Capítulo 25

Eran aproximadamente las doce y veinticinco, y yo me encontraba de regreso a casa. Las clases en la universidad habían sido muy soporíferas, cuando antes me gustaba mucho. No pude controlar mis bostezos. Ya parecía una escuela metida en una universidad. Después de lo vivido ayer, la realidad me parecía una bagatela. Mi vida se estaba convirtiendo en ficción. Juré nunca más recordar ese momento. Llorar se había vuelto una rutina en mi vida. 

Y así, mi vida era una cavilación tras otra. Sin darme cuenta había llegado a un parque recreativo. El lugar estaba más desierto que mi habitación. Aquí la única compañía que podía hallar era la soledad y el tétrico silencio. Los juegos recreativos yacían tristes sin la sonrisa de los niños. Las banquetas sufrían los rigores de tiempo. Desde mi ubicación, se veían muy avejentados y polvorientos. A lo lejos, un pequeño puente me recordó a Tristán: casi todo me recordaba a él.

Me acerqué a la banca más cercana, aparté las hojas y me senté. El viento impertinente oscilaba mi cabello, que terminaban cubriendo mi mejilla. Traté de encontrar algo de sosiego en esa atmósfera silenciosa y fúnebre. Durante varios minutos, el movimiento de las hojas, fue todo lo que pude apercibir.

Al poco tiempo, sentí deseos de irme. Los recuerdos me estaban incomodando: eran los invitados de honor en el parque.

Cuando estaba por levantarme, un hombre, de avanzada edad, se vislumbró a lo lejos como una sombra anómala. Su paso era lento y su figura me perturbaba.

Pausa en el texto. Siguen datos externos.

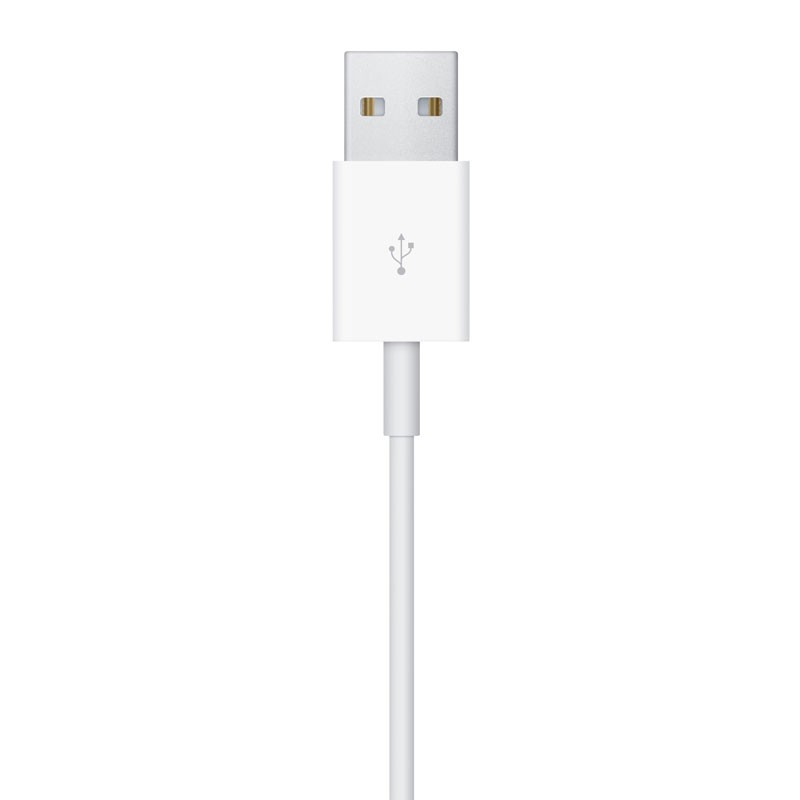 Apple Watch Magnetic Charging Cable -11439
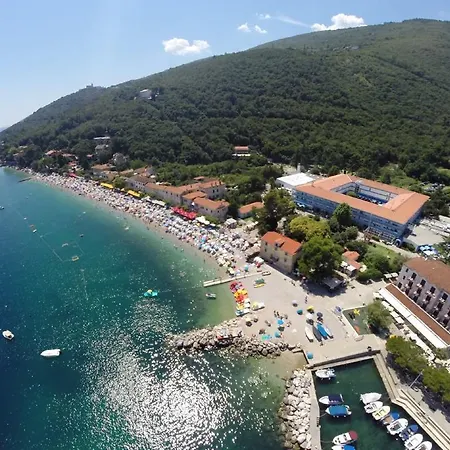 Apartman Vinetilia *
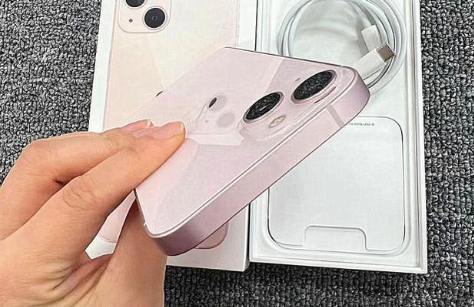 洛宁苹果13维修分享iPhone 13有哪些缺点和不足 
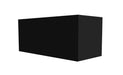 Hestan  Duct Cover, Ventilation, 48W X 24H - KVDC4824 Hestan Dreamwood Living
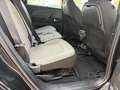 Citroen C4 Picasso C4 Picasso 1.2 PureTech S Negro - thumbnail 10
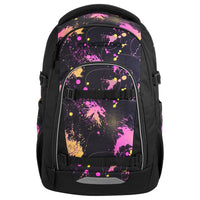 Coocazoo Mate - Schulrucksack 44 cm (Color Drift)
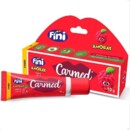 Hidrat.labial Carmed 10g Amora Clara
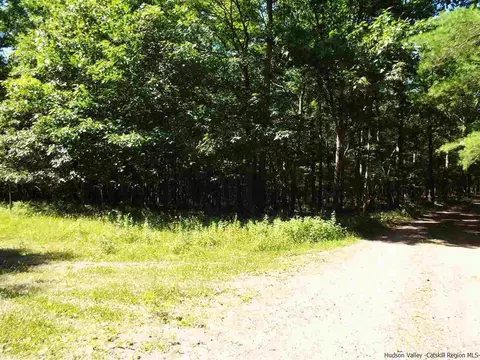 tbd Charles Rd And Lacorte Road Ext, Catskill, NY 12414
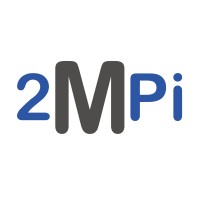 SARL 2MPI logo - Similar company to Armitech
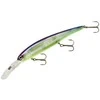 Vobleris Bandit Walleye Deep 11,9cm 17,7g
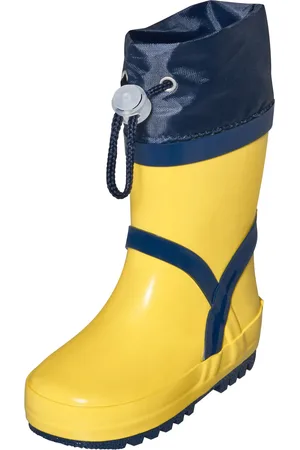 Playshoes Gumové holínky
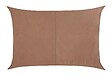 HESPERIDE - Voile d'ombrage rectangulaire 2 x 3 m Curacao - Taupe - Hespéride - vignette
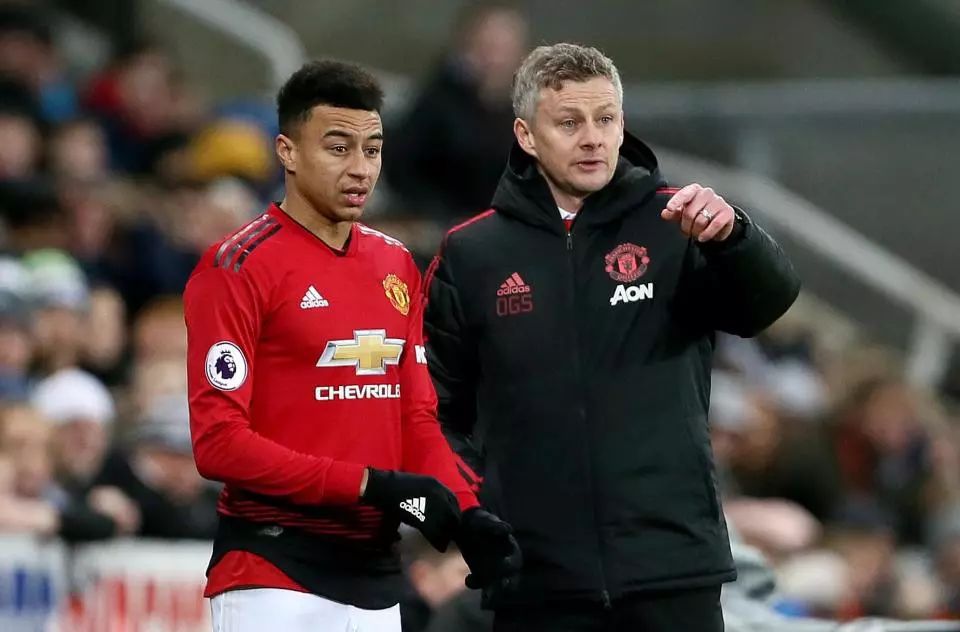 他的辉煌职 他的辉煌职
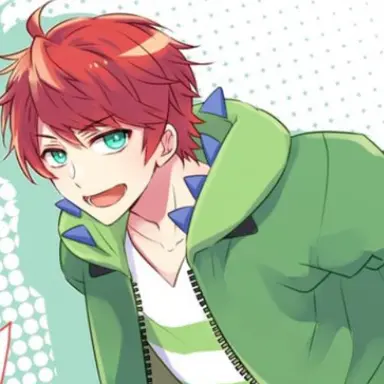 Profile image of じゃぱぱ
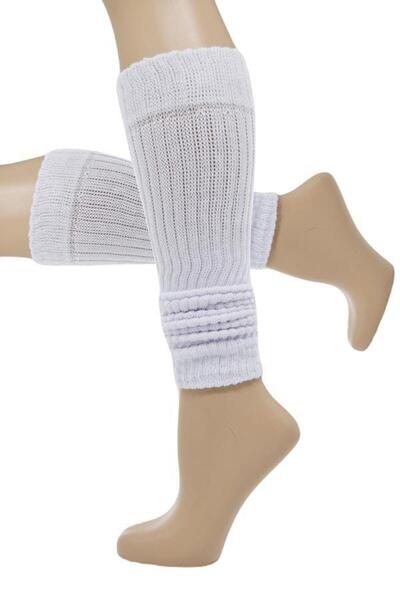 DoDe Flora Jambiere de damă Lycra Textura extra moale Noul sezon Producție specială Cizme de aerobic Jambiere șosete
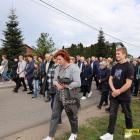 zdjęcie nr 39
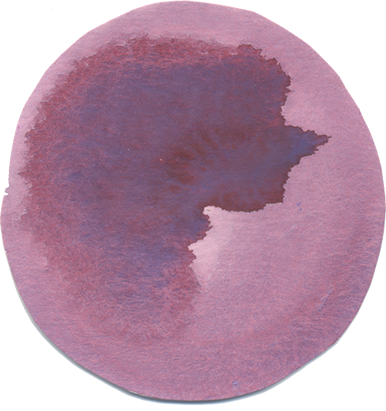 Circle12.png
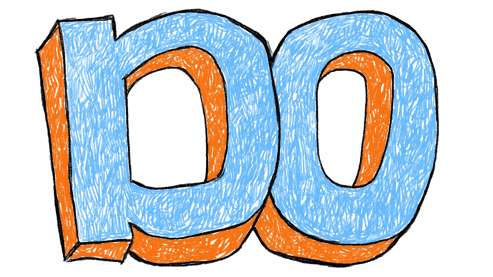 do button
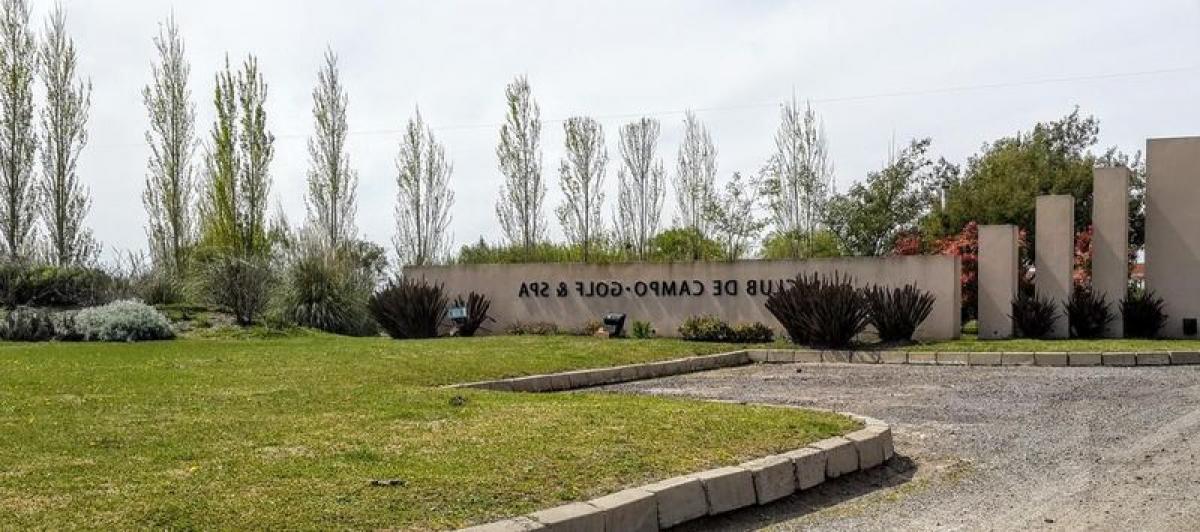  قطعة أرض في Brandsen, Argentina رقم 42918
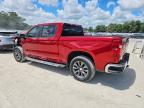2023 Chevrolet Silverado C1500 LT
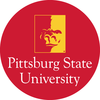 Pittsburg State University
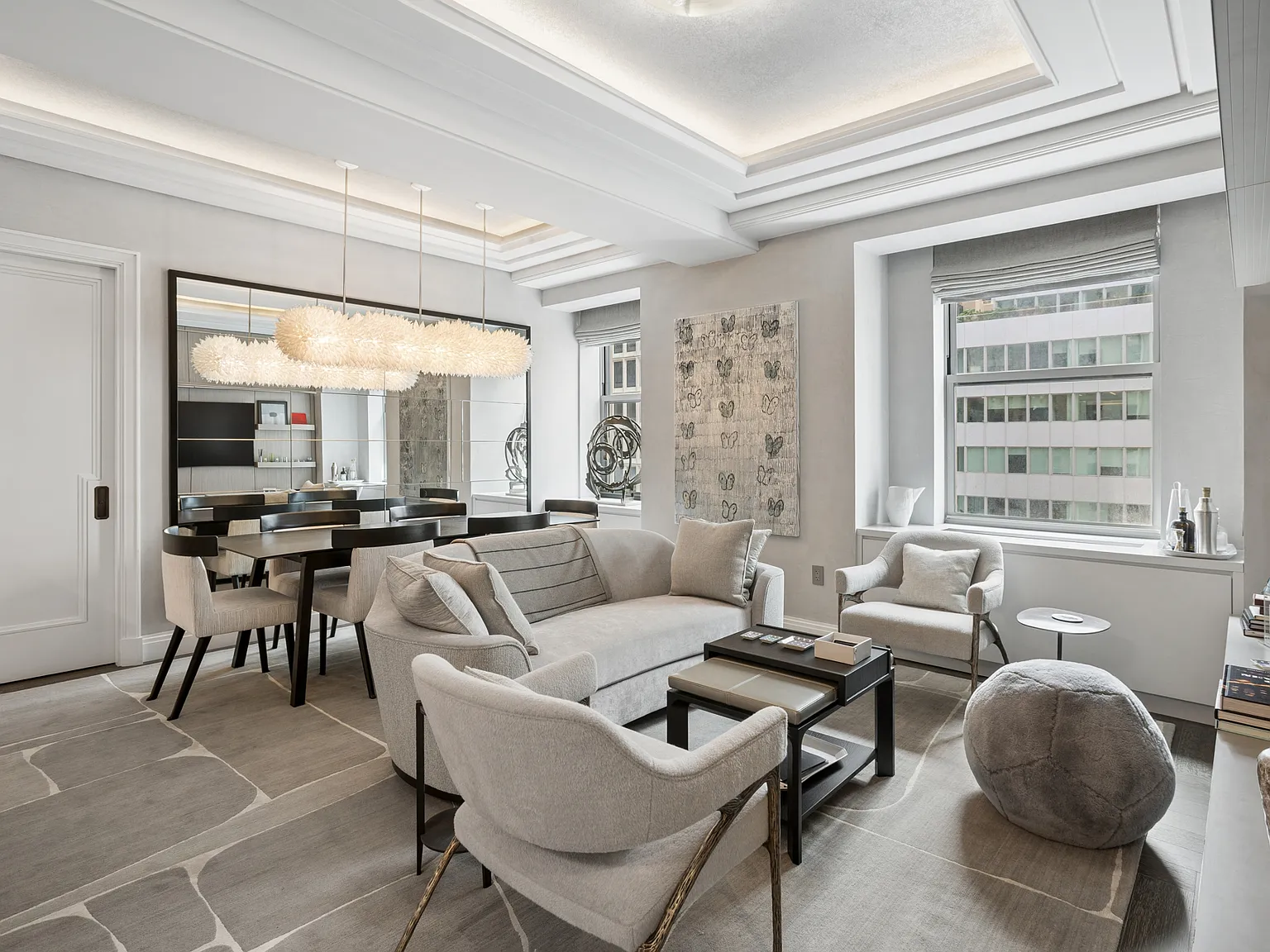 303 Park Avenue — Photo 2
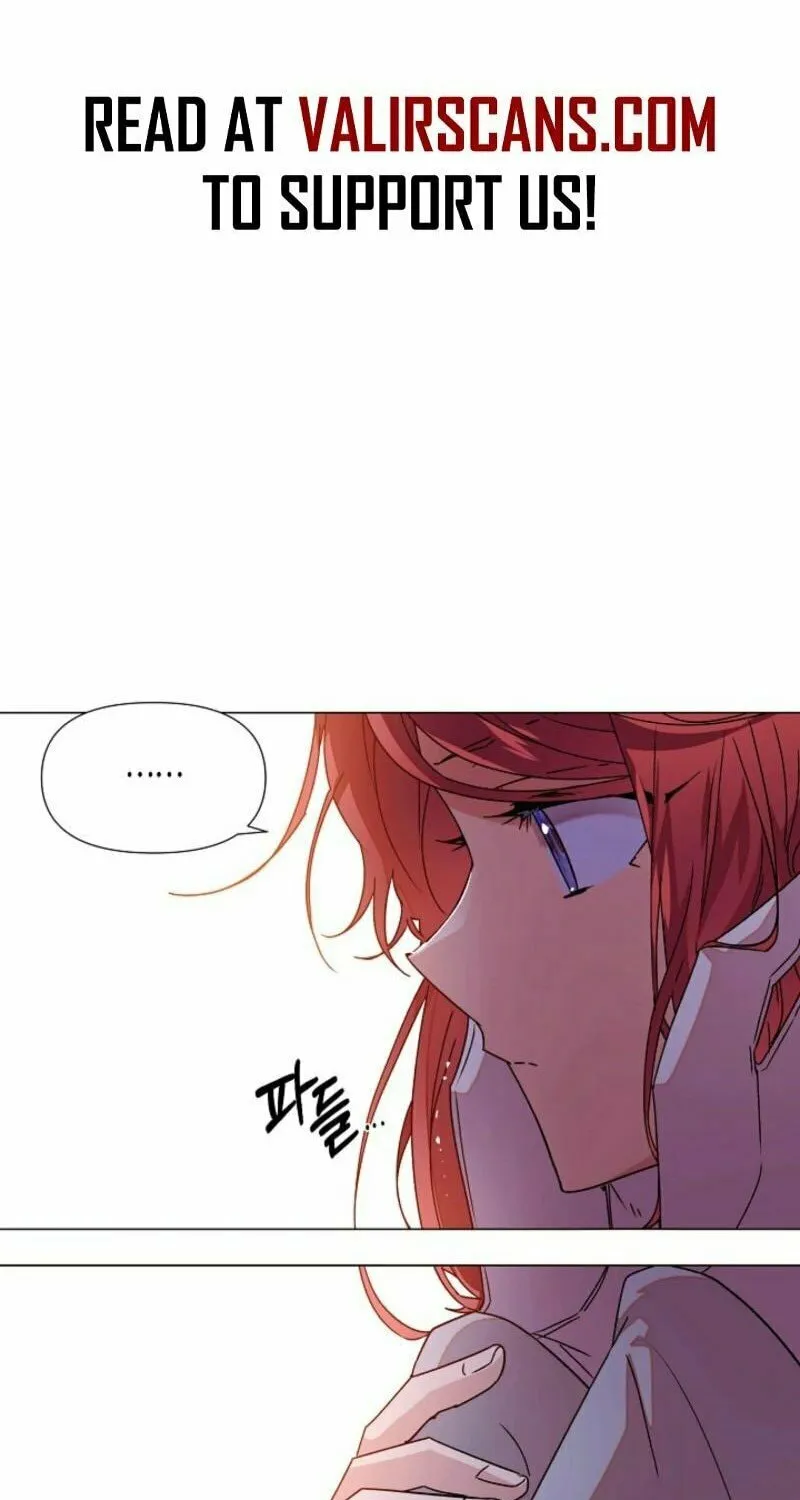 Caught by the Villain Chapter 173 page 17 - 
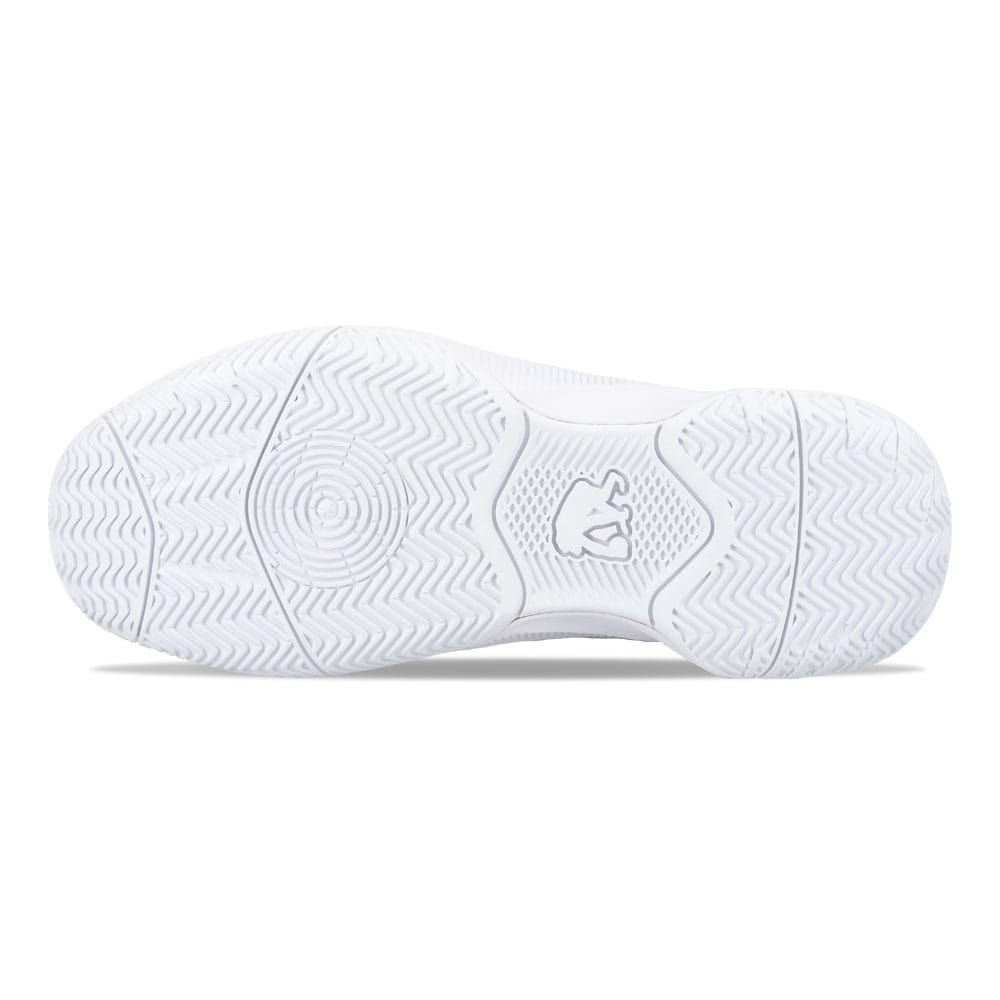EGO AWAKE 1.5 OG BLACK – EGOZARU ONLINE STORE | エゴザル公式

El hombre se acercó hasta mi lugar. Luego, se sentó en la banca: había demasiado espacio como para que una persona obesa pusiera sus posaderas ahí. Yo me sentí un poco inquieta. Su aspecto rechoncho y rudimentario le daba un halo de misterio. Encorvado en el asiento, miraba el piso con parsimonia. No pasa nada. El silencio fue todo lo que pasó en ese momento. 

Al poco rato, el anciano se acordó que podía hablar. Movió la cabeza hacia arriba y dijo sin mirarme: 

—Extrañas a alguien, ¿verdad?

Abrí mis ojos con una estupefacción inédita. Aquellas palabras me habían tomado de sorpresa, y el semblante era pura intriga. Me tomé varios segundos antes de dar una respuesta.

—¿Cómo lo sabe usted?

—Por tu semblante, muchacha.

Sus palabras eran tajantes e intimidantes a la vez. No había forma de mentir. Todo me daba igual.

—Sí, era alguien especial —dije con pena y desconcierto.

El anciano carraspeó y no dejó de mirar el suelo. 

—Ya no sufras más... Él vive, él vive. 

Lo miré con sorpresa mayúscula.

«¿Cómo sabe eso? ¿Acaso este señor es un oráculo?».

Casi no podía ver su cabeza. Era como si estuviera pegada a su cuello. Un abrigo prominente cubría casi todo su cuerpo. Y su cabeza apenas se movía. Más allá de todo eso, sus palabras irradiaban cierta verdad y sabiduría.

—¿En mi corazón? —dije dando a entender eso. 

—No... Él vive muy cerca de ti. Él nunca se fue... 

«Este hombre habla con mucha seguridad, ¿pero sabrá algo de mí? ¿Alguien le contó?». 

—No sé qué decir... —dije y gesticulé en señal de incertidumbre.

Mis palabras se habían ahorcado. Sus revelaciones habían provocado escasez en mi vocabulario. Solo unas frases provenientes de esa boca vetusta habían creado un disturbio atroz en mi interior. 

El hombre empezó a moverse de repente. Se acomodó su abrigo y dijo: 

—No lo olvides... No lo olvides.

—¿Disculpe pero...? —inquirí y me interrumpí yo sola.

El hombre se levantó sin decir nada más y, en poco tiempo, desapareció del lugar. No pude ni siquiera preguntarle su nombre.

«¿Qué acaba de suceder? Esto jamás me había pasado», me dije mientras seguía sentada en mi banca. 

Mi cabeza era una maraña de interrogantes. Sentí deseos de exteriorizar muchas emociones al mismo tiempo. Tal vez el parque resucitaría con mi lloriqueo.

Me levanté y me fui a casa a tratar de controlar la intriga y mis impulsos.